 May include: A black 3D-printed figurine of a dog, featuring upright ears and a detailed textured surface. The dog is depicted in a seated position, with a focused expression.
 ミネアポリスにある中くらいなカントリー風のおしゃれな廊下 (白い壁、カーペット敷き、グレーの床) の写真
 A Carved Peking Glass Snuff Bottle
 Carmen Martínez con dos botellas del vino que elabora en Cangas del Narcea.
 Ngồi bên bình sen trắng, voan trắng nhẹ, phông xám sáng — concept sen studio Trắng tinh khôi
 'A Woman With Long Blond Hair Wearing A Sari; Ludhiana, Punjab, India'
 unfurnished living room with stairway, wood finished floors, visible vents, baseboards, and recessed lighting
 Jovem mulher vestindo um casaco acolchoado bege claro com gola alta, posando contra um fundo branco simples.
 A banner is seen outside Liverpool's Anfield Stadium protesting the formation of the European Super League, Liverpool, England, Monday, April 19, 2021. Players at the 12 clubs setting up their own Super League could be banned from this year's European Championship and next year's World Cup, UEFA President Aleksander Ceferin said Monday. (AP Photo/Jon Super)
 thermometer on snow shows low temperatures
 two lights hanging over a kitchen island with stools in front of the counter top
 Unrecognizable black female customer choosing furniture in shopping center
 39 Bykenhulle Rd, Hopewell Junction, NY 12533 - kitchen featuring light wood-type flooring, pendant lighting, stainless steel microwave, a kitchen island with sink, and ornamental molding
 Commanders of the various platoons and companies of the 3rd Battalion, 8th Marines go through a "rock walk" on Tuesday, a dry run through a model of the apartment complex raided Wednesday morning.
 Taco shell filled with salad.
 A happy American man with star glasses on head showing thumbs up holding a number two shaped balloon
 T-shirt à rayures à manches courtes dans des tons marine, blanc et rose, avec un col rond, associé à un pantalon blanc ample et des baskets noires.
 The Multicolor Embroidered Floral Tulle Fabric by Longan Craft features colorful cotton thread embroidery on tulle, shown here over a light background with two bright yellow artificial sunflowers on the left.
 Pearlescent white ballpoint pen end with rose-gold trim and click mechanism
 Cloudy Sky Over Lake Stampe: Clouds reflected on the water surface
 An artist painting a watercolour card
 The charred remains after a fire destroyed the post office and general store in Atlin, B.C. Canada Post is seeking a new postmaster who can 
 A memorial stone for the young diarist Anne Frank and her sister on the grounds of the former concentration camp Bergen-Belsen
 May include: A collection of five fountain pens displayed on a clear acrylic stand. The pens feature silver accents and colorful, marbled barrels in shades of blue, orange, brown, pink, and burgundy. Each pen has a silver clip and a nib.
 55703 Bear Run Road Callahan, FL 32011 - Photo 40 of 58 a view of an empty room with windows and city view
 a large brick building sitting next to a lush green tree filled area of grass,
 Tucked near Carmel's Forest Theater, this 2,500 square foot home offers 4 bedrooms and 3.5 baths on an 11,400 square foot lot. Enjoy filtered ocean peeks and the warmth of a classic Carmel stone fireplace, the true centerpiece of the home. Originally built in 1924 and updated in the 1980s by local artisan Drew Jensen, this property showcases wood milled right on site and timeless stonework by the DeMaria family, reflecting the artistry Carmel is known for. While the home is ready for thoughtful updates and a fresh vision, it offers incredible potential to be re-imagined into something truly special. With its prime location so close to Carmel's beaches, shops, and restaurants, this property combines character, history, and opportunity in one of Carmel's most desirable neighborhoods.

____________

▸ **Work instruction**:
The lines above that hold the word "island" are the ones to copy.

▸ **Result of this task**:
 two lights hanging over a kitchen island with stools in front of the counter top
 39 Bykenhulle Rd, Hopewell Junction, NY 12533 - kitchen featuring light wood-type flooring, pendant lighting, stainless steel microwave, a kitchen island with sink, and ornamental molding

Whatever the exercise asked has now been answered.